Two states claimed the Olympic silver medal winning shuttler as their own ‘Ammayi’, because her father belonged to one state and mother belonged to another. I did not win any medals at Rio. Hence, no state claimed me as their ‘Abbayi’. But I share the same predicament as the now famous shuttler. I was born in Kerala, but brought up in Tamil Nadu, because my father worked there.
Since I speak Tamil with a Malayalam accent, people ask me if I’m from Kerala. My mother’s parents lived in Kerala, and hence my mother delivered me at her parents’ house as was the custom in those days, I explain. My maternal grandparents taught me Malayalam whenever I visited them during school holidays.
However, I was educated in Tamil Nadu, I reiterate, to reassure the doubting Thomases. When I went to Mumbai to earn my bread and butter, the locals clubbed me along with other Madrasis. In those days, a chauvinistic Sena was unhappy with Madrasis who had come to the then Bombay to deprive the locals of their employment opportunities. I lived in constant fear of being driven out of the city for being a Madrasi.
Later, when I shifted to Delhi, the Madrasi tag went with me. Fortunately, Delhiites did not hate Madrasis. They considered them to be docile chaps who would not create any problems.
Hence renting a house to live in Delhi was easy. Another problem I have encountered on being labelled a Madrasi is that people presuppose that all south Indians drink coffee. In my house, Coffee was reserved for elders only. My mother never gave me and my siblings coffee, either because coffee beans were costly or she thought the brew was not good for children. After growing up, I relocated to Mumbai and Delhi and got used to tea. The lady of the house also happened to be a tea drinker, and hence my house never had coffee powder in store. My brother and sister got used to coffee after their marriage.
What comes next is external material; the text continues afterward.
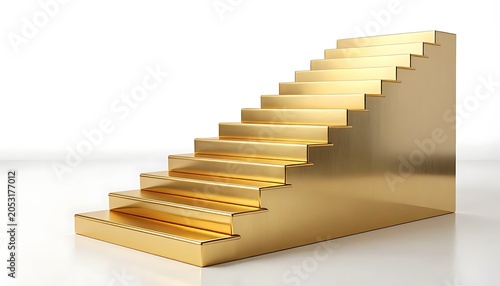 Golden stairs ascending upwards dramatically in a bright clean room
The other day, my brother and I went to a restaurant where he ordered filter coffee, telling me that they made it well. He was flabbergasted when I told him that I wouldn’t drink coffee and asked for tea instead. Once, two trainee officers from north India visited my house. When my wife served them tea with snacks, they looked puzzled, and finally one of them blurted out, “We came expecting that we will get to taste filter coffee in a south Indian home”. I apologized for disappointing them. Some of us, like the medal winning shuttler, have to bear the burden of our split domiciles.